In a 2014 analysis, the Environmental Protection Agency recommended the limit be set between 60 and 70ppb. Environmental groups were rooting for the lower end of the spectrum. They were disappointed when Obama appeared to cave to the industries that emit ozone-generating chemicals, which fought for minimal or no reduction.
This compromise came after an earlier proposal for a limit below 70ppb that was scrapped in 2011.
His plan for 25% renewable energy by 2025 flopped
Obama promised in his 2008 presidential campaign that a quarter of electricity in the US would come from renewable sources by 2025.
"Will create a federal Renewable Portfolio Standard that will require 25% of American electricity be derived from renewable sources by 2025, which has the potential to create hundreds of thousands of new jobs on its own," Obama said, in his plan for the economy.
The cap-and-trade bill passed in the House of Representatives, but never made it to the Senate.
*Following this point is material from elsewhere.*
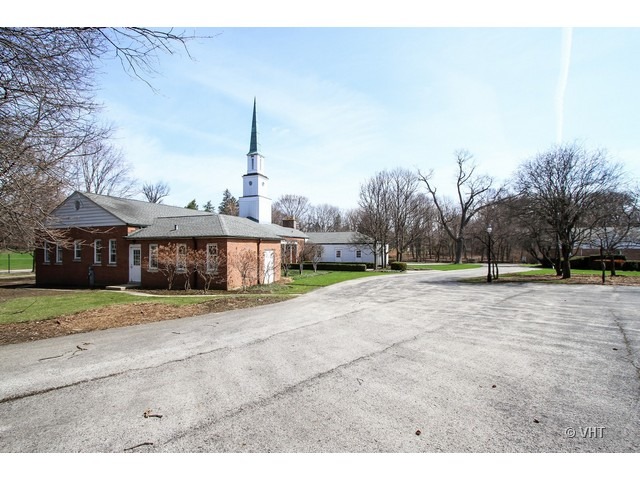509 E Deerpath Rd, Lake Forest, IL 60045 photo 16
Japan is still whaling illegally long after Obama promised to put a stop to it
Obama has spoken out against illegal whaling, and vowed to lead international efforts to put a stop to illegal whaling.
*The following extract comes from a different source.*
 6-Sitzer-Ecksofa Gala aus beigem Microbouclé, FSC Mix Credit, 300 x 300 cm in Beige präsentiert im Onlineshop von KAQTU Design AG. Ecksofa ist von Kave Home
But he hasn't got very far. In a 2015-16 Antarctic season Japan killed hundreds of minke whales, many of them pregnant, allegedly for research purposes.
Japan has been fairly consistently flouting the 1986 Whaling Moratorium for 30 years now. It claims that the whaling it does now is for scientific research, but the International Court of Justice has ruled the claims bogus.
Landmarks of his environmental legacy are on very shaky ground
Obama's plan to reduce the carbon emissions from power plants across the US, the Clean Power Plan, is looking extremely vulnerable, shortly before Donald Trump's inauguration. The president-elect has also threatened to pull the US out of the international Paris Agreement to put the brakes on climate change.
Some conservative commentators have said he may go as far as to pull out of the UN's broader climate work through the UNFCCC.
Shortly after Trump's election, climate sceptic economist Nicolas Loris, who focuses on energy, environmental and regulatory issues at The Heritage Foundation in the US told IBTimes UK: "I think [Trump] is going to take a serious look at the costs and benefits of a lot of the regulations that have been promulgated by the Obama administration.
"It very may well consider eliminating the greenhouse gas regulations for new and existing power plants, shutting the door on the Clean Power Plan," said Loris.
Through political necessity, many of Obama's larger plans for the environment were brought through on executive order, making them easy targets for his successor administration to remove. It's yet to be determined how big a disappointment this will turn out to be for environmentalists.